For analytics purposes, I'm looking at large sets of IP addresses in server log files. I'm trying to perform reverse-DNS lookups to understand where traffic is coming from - e.g. what percentage of IPs resolve to corporations, schools, government, international etc.
Despite a bunch of optimizations, individually reverse-DNS'ing every IP address still appears to be fairly expensive though. So -
is there any way to obtain an entire range of IPs from a reverse-DNS?
If yes, this could greatly reduce the number of actual reverse-DNS lookups.
Example (numbers slightly obfuscated):
- Log file contains a request from an IP
128.151.162.17
- Reverse DNS resolves to
11.142.152.128.in-addr.arpa 21599 IN PTR alamo.ceas.rochester.edu
- (So this is a visitor from Rochester University, rochester.edu)
- Now, would it be safe to assume that all at least all IPs from
128.151.162.*
will also resolve to rochester.edu? - What about
128.151.*.*
? Is there a way to get the exact IP range?
Not really, no; in extremely rare cases you might be able to do a DNS zone transfer query to get all the records in the zone (the whole /24, generally), but there's a very low chance that the name server you're querying will respond to this request. Expect one query per address for reverse DNS (sorry!).
Generally speaking, probably, as a university they're likely to own the whole /24. However, that's not a good rule to apply as a general case; a smaller school might not have a whole /24, or might not have it in reverse DNS.
The reverse DNS itself is going to be pretty hit-or-miss - in many cases it'll be just generated names under the ISP's hostnames or no records at all. For better data, we're going to make things even more expensive - you should also look at data from whois.
For example, here's the info from that Rochester IP - it shows the size of the allocation (the whole /16 range, so in this case that applies to
128.151.*.*
) and the organization it's allocated to.The whois info should provide a great source of truth for the info you want, and has the upside of being able to see what range that applies to. The downside is that for smaller allocations, a range will often just show as belonging to the ISP instead of the end customer. Combining both whois and reverse DNS should provide the best information (and be ridiculously slow).

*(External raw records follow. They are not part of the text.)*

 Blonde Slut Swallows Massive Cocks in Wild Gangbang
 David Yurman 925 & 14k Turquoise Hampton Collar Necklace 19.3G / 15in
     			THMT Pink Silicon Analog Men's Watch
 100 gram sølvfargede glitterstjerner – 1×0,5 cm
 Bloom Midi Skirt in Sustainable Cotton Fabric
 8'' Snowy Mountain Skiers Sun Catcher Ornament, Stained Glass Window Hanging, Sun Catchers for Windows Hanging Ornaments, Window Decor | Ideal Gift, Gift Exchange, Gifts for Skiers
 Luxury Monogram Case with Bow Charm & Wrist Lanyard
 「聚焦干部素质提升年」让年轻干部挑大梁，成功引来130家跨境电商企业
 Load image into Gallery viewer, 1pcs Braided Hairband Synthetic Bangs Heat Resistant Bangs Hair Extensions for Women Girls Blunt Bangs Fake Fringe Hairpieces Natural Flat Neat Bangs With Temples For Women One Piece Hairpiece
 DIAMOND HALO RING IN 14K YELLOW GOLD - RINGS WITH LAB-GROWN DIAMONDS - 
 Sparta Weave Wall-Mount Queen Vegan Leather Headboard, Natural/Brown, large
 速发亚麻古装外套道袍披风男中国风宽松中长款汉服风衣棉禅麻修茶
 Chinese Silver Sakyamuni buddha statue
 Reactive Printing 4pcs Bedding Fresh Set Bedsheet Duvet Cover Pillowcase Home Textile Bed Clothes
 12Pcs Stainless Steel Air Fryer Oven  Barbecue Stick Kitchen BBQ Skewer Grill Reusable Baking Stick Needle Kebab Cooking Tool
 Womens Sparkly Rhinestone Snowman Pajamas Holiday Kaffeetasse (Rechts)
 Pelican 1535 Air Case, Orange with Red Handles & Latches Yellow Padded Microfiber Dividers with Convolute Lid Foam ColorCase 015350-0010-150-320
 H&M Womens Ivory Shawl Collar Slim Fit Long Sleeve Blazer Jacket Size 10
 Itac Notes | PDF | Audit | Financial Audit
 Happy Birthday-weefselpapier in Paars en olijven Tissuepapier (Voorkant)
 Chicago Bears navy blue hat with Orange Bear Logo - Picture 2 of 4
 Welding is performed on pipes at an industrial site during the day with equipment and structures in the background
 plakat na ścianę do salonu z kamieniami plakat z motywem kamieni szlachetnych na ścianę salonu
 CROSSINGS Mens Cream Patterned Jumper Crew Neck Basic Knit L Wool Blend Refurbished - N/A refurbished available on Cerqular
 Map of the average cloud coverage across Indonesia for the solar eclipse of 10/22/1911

You can generally get info about netblocks from whois (eg
whois 128.151.162.17
refers toCIDR: 128.151.0.0/16
), but you'll probably find that there's some variation in the format of the responses you get depending on which registry is involved, and also that whois servers are likely to cap the number of requests you can make. Also note that netblocks are typically nested with smaller ones inside larger ones, and so you may get info about multiple netblocks for one IP.A DNS request packet can contain multiple requests, which may speed things up if you need to resolve a lot of requests, but the main techniques you need are to paralellise requests, and to cache responses.
General advice about this kind of algorithm:
Generally you'll find the data is nearly infinitely cacheable. The data changes so rarely that you might as well do it in batch and save the data to a on-disk cache that all your code uses. The TTL on the data might be 1 hour, but when I was on the internet mapping project we found that as far as domains changing, the data was stable for more than a year.
If you are doing a lot of DNS queries, rate-limit how many you send to any particular DNS server. Otherwise it is rude at best, and a DoS attack at worst.
If you are doing the lookups "on demand", just use some kind of write-through cache and you should be fine.